WARNING: These Chocolate Chip Cookies might cause you to eat the whole batch in one go.
This week’s Sweet Sunday recipe is quick and easy. But it is also incredibly delicious. So you might want to run a few extra miles today. Or not. Because it’s Sunday and you can totally handle eating all these cookies and still look fabulous. Go you.
Anyways. This particular recipe incorporate oats, just to provide for a teensy bit of healthiness. The texture is somewhat similar to marshmallows, with them being gooey and soft on the inside, yet crispy on the outside. I am so in love.
I really don’t want to talk about it any more, because words simply cannot describe how good these cookies are.
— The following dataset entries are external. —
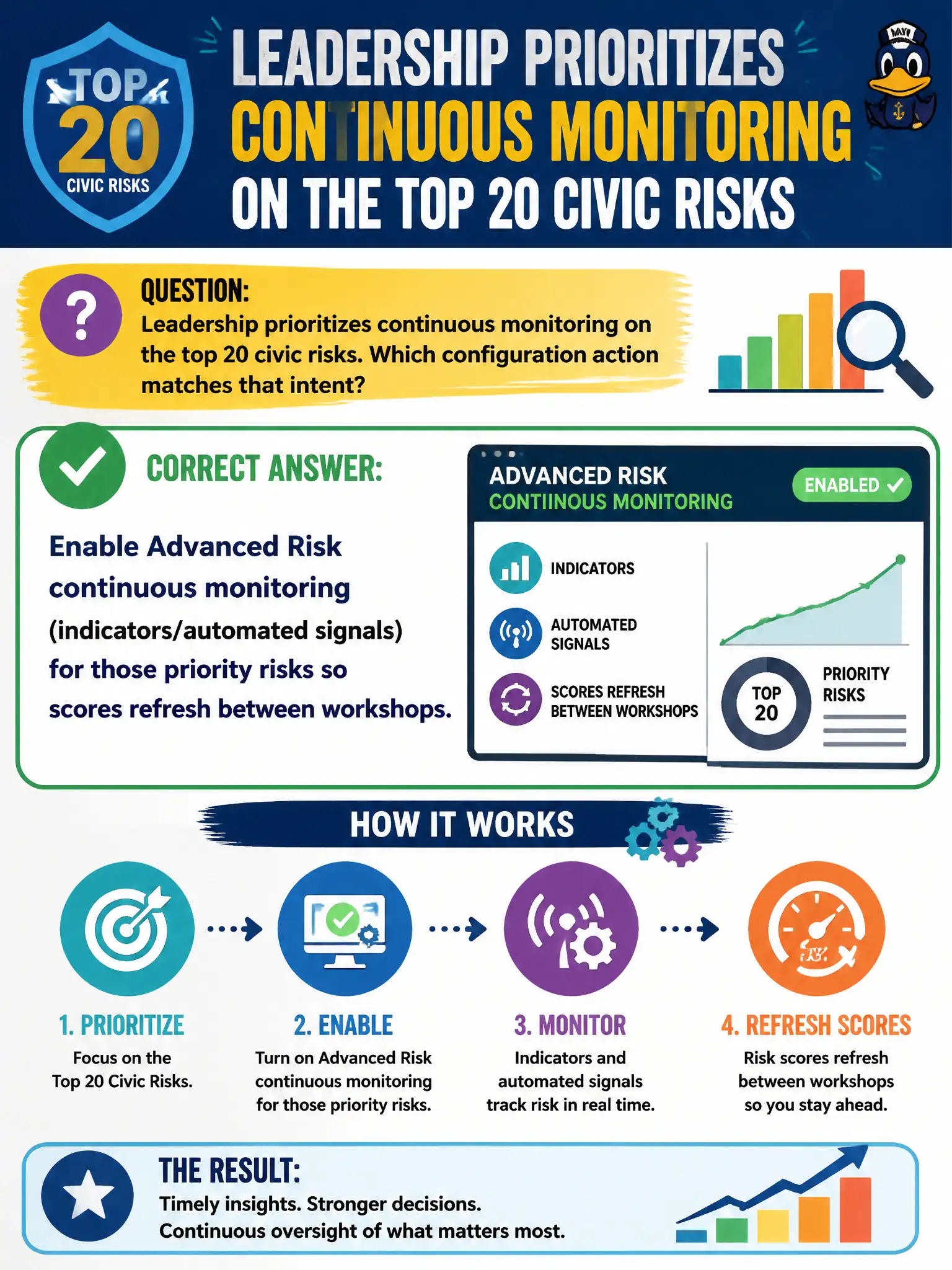 To Create an exciting colorful infographic that explains the concepts in the question: Question: Leadership prioritizes continuous monitoring on the top 20 civic risks. Which configuration action matches that intent? Correct Answer: Enable Advanced Risk continuous monitoring (indicators/automated signals) for those priority risks so scores refresh between workshops. Put EVERY visible label in double quotes. No people. No A/B/C/D letters. In one of the four corners put a little "Navy Duck".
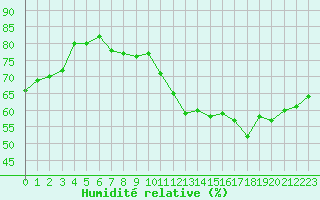 Courbe de l'humidit relative pour Bergerac (24)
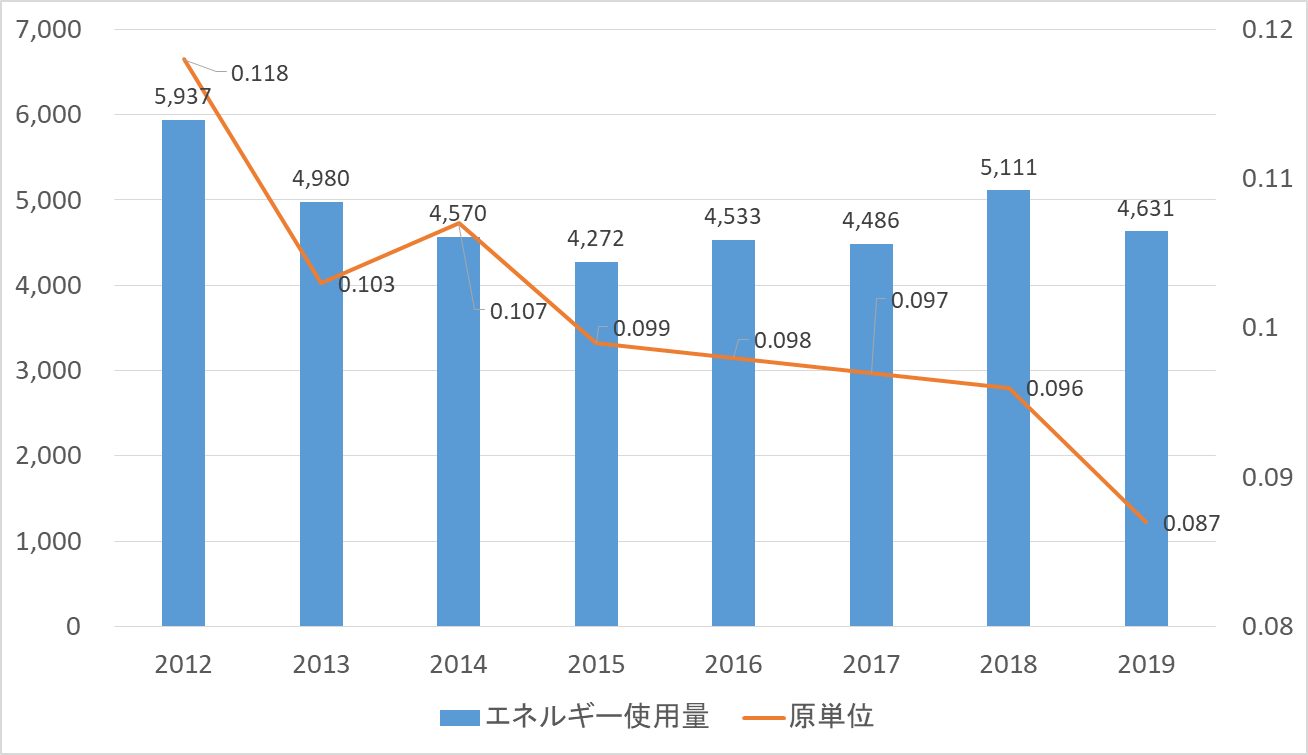 エネルギー使用量の推移グラフ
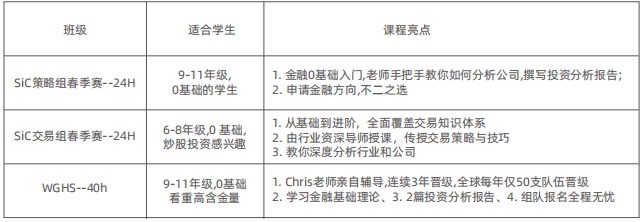 全球TOP经济商赛一本通，沃顿/NEC/FBLA/SIC/BPA课表详情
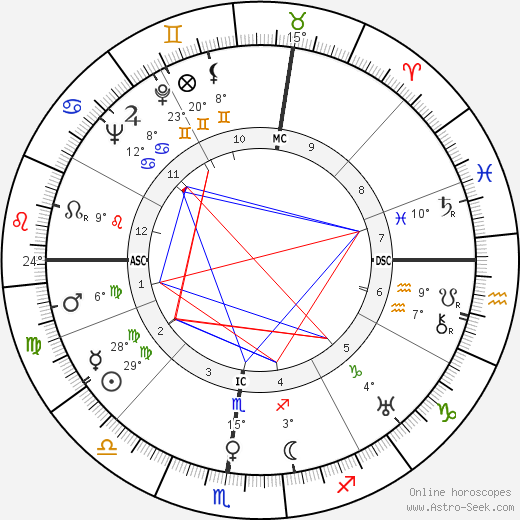 Charles Ritchie birth chart, biography, wikipedia 2024, 2025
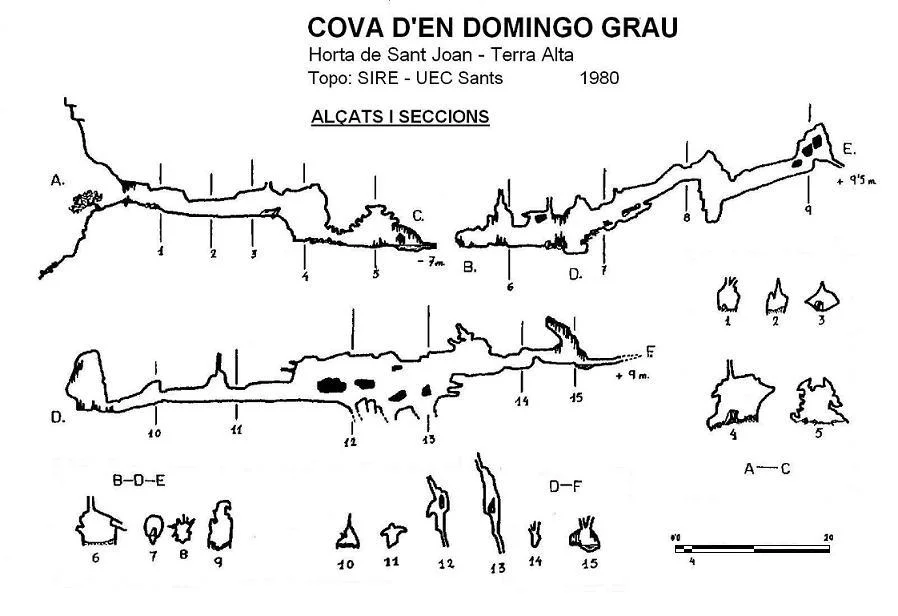 Survey of DOMINGO GRAU, COVA D'EN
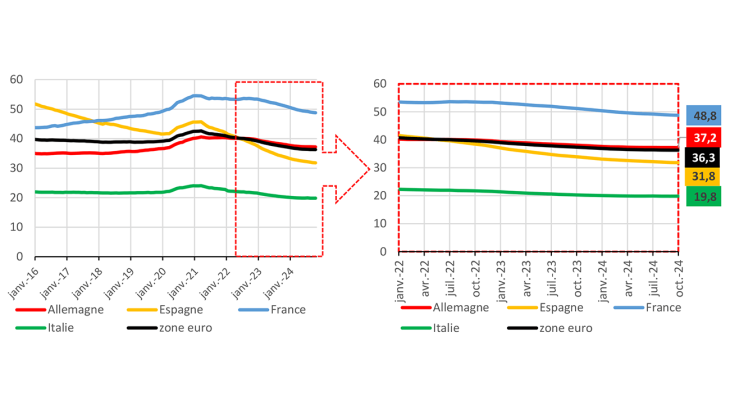 G4quater – Encours de crédits à l’habitat aux ménages, en % du PIB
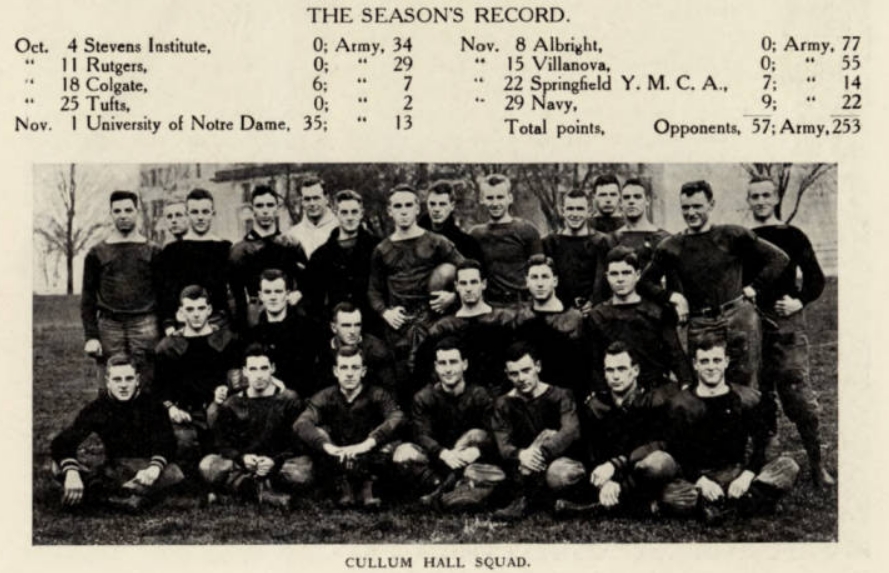 ArmyFB_1913_record-CullumHallSquad-B-team
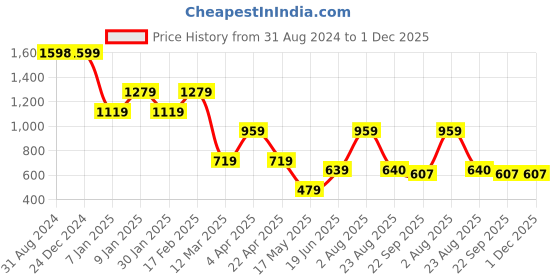 myntra.com Ultra Kids Red & White Ultra Cuddly Teddy Bear Plush Stuffed Soft Toy ultra Price History Graph from 31 Aug 2024 to 1 Dec 2025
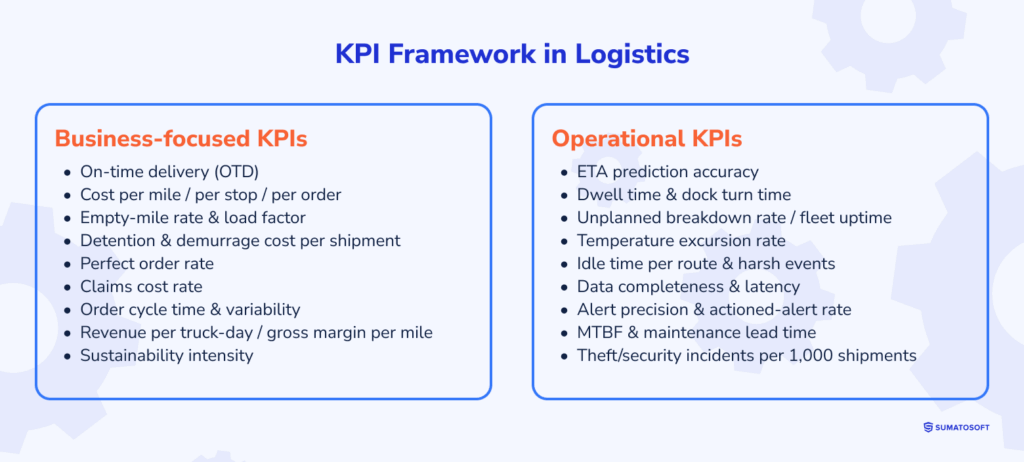 KPI-Framework-in-Logistics.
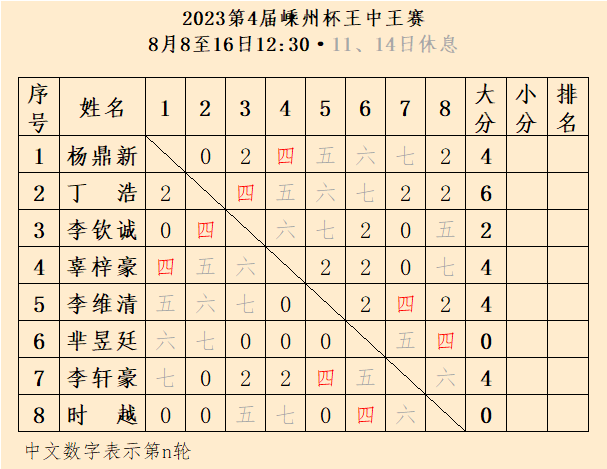 王中王一肖三碼資料，揭秘背后的秘密與深度解析，揭秘王中王一肖三碼資料，背后的秘密與深度解析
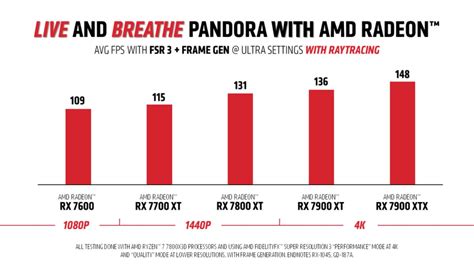 Avatar: Frontiers of Pandora — Ubisoft Explains What the ‘Unobtainium ...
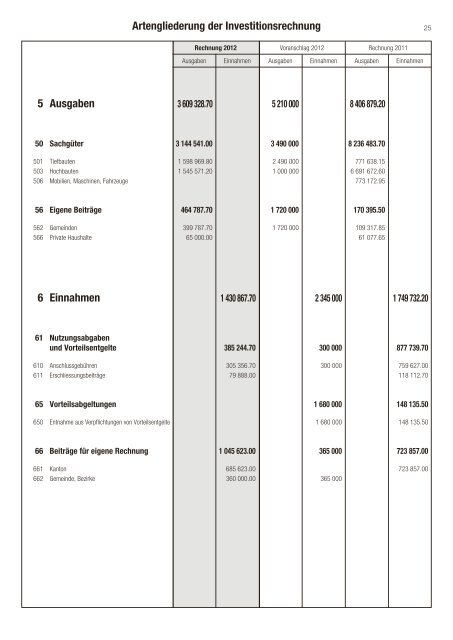 Rechnung 2012 [PDF, 332 KB] - Galgenen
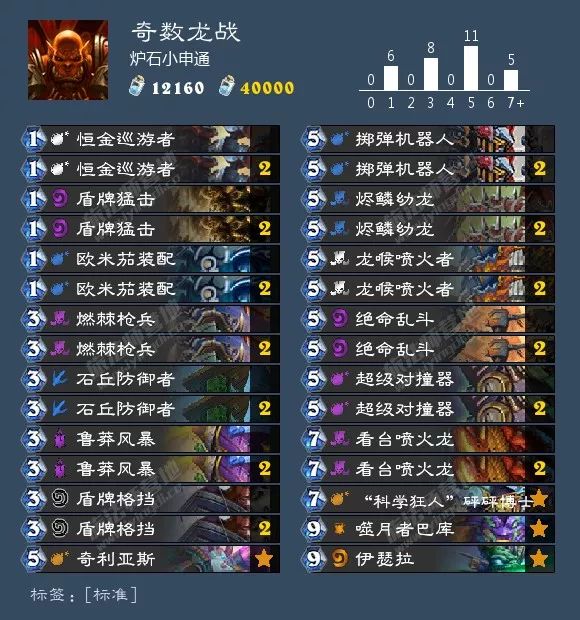 炉石平衡补丁法强萨,平衡补丁炉石卡组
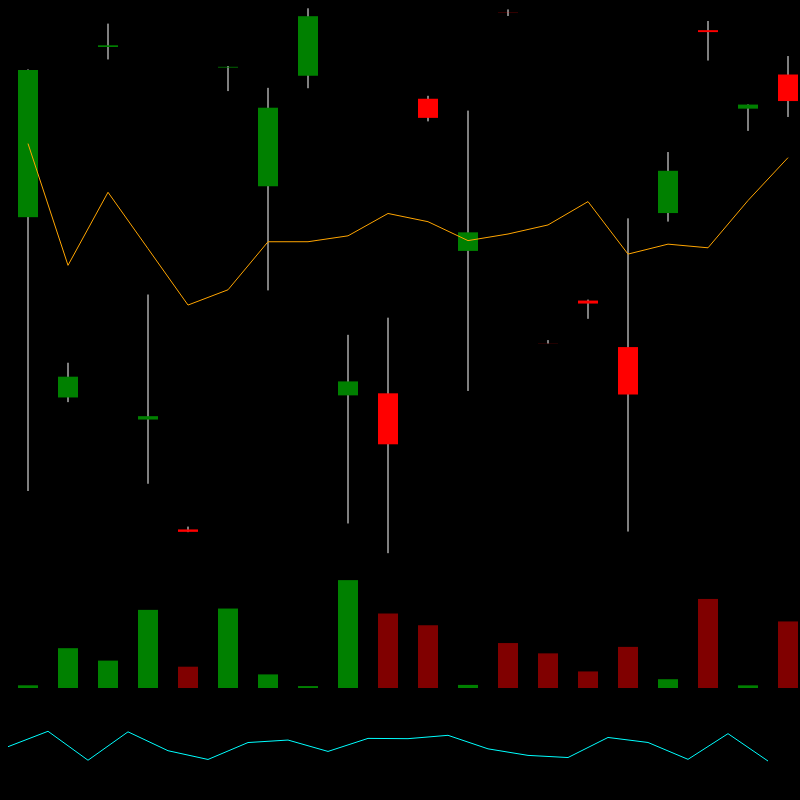 chARTs Two Dot O #228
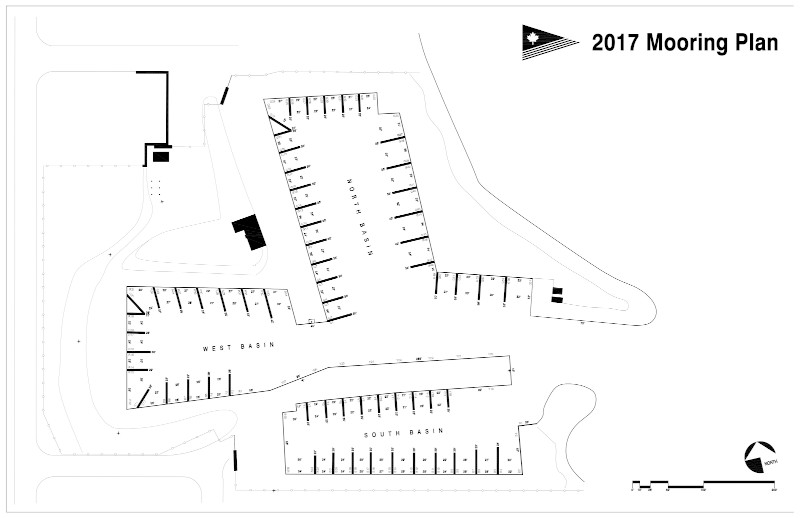 GYC Docks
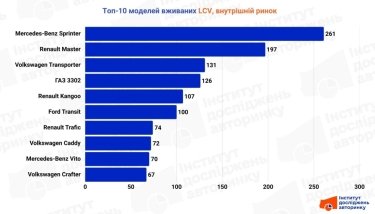 Фото 3 — Буси та фургони: що купували українські підприємці у серпні 2025 року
Try them for yourself and let me know what you think! I’m going to try another one now…
Chocolate Chip Cookies
Yields 16-20 cookies
- 115 grams (1/2 cup) soft butter
- 110 grams (1/2 cup) light brown sugar
- 1 egg, beaten
- 85 grams (1 cup) oats
- 1 tbsp milk
- 1 tsp vanilla extract
- 136 grams (1 cup) flour
- 1/2 tsp baking soda
- 225 grams (1 and 1/2 cup) chocolate chips
Used kitchen appliances
- Baking tray
- Baking foil
- (Electric) Whisk
- Wire rack
- Preheat the oven to 180C or 350F. Line a baking tray with foil.
- Beat the butter and sugar together until it’s light and fluffy. Add the beaten egg. Proceed to add the oats, milk and vanilla extract.
- Sieve the flour and baking soda over the mixture and stir until combined. Finally add the chocolate chips.
- On the baking tray, make heaps of the dough, as big or as small as you’d like. Keep enough space in between the cookies as they do spread out during baking.
- Bake for 15 minutes. Leave to cool on a wire rack.